# Organizing Collections on Kindle Oasis 2



## etexlady (May 27, 2009)

I recently added several collections on my Oasis2.  They appear on the front screen of the Oasis and are in alphabetical order.  I want them to be in a different order.  Can that be done?  I've thought about numbering each collection or putting A-B-C at the beginning of the Collection name but would prefer to just rearrange them.


----------



## Linjeakel (Mar 17, 2010)

You can't choose the order, it's strictly alphabetical. The only way to change it to suit yourself is to put a number or symbol - or spaces I think - in front of the title as numbers and symbols are counted as coming first, alphabetically speaking. 
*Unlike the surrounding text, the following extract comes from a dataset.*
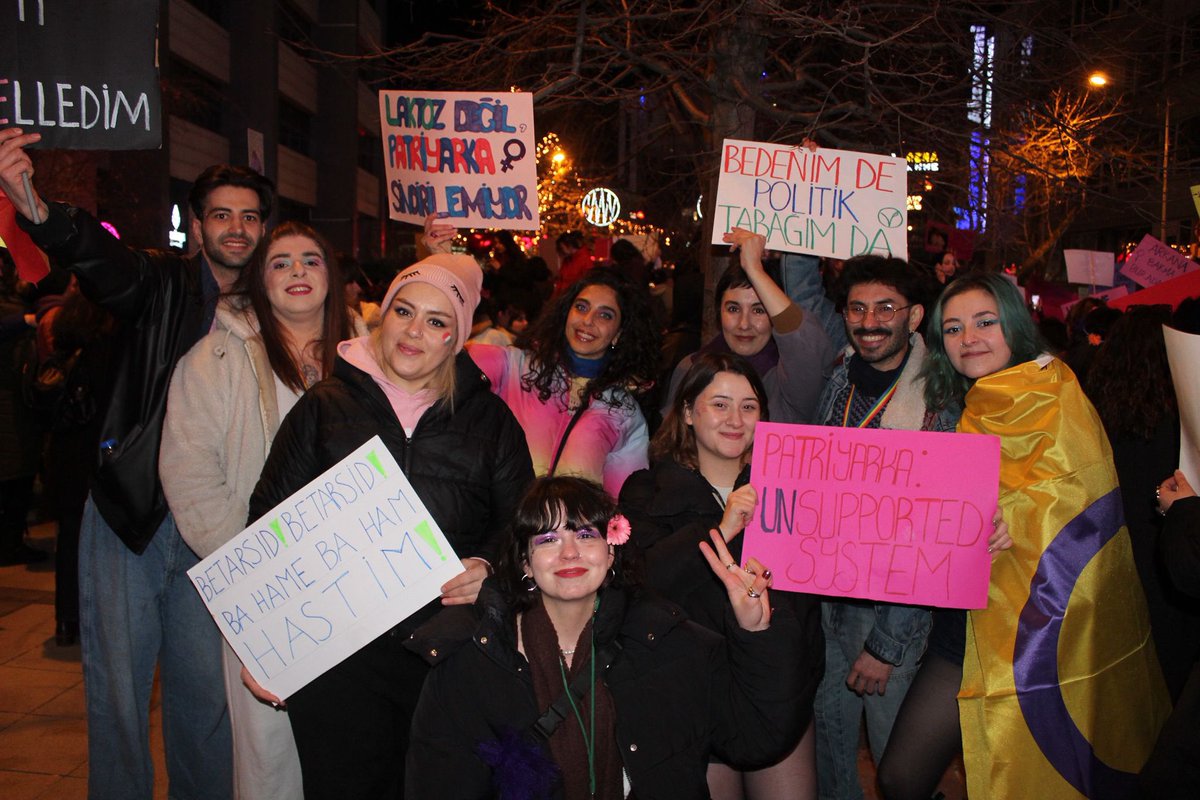 Ayrıca Çiğdem Mater’e özgürlük
#8M2026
If you use symbols, you'll have to experiment to see which order they come in. Some years ago when this problem first came up, I think someone on here did make a list of symbol order, but I have no idea which thread that was in, you'd have to try searching - unless anyone else can remember?


----------



## Ann in Arlington (Oct 27, 2008)

Linjeakel said:


> You can't choose the order, it's strictly alphabetical. The only way to change it to suit yourself is to put a number or symbol - or spaces I think - in front of the title as numbers and symbols are counted as coming first, alphabetically speaking.
> 
> If you use symbols, you'll have to experiment to see which order they come in. Some years ago when this problem first came up, I think someone on here did make a list of symbol order, but I have no idea which thread that was in, you'd have to try searching - unless anyone else can remember?


I remember that thread! No idea what it was called, though, so would be hard to search. Also, I think, at some point, the order changed for non alpha-numeric characters.


----------



## etexlady (May 27, 2009)

Thanks for the suggestions.  Since it was alphabetical only, I ended up changing the names of some of the Collections so they are in an order I can live with.


----------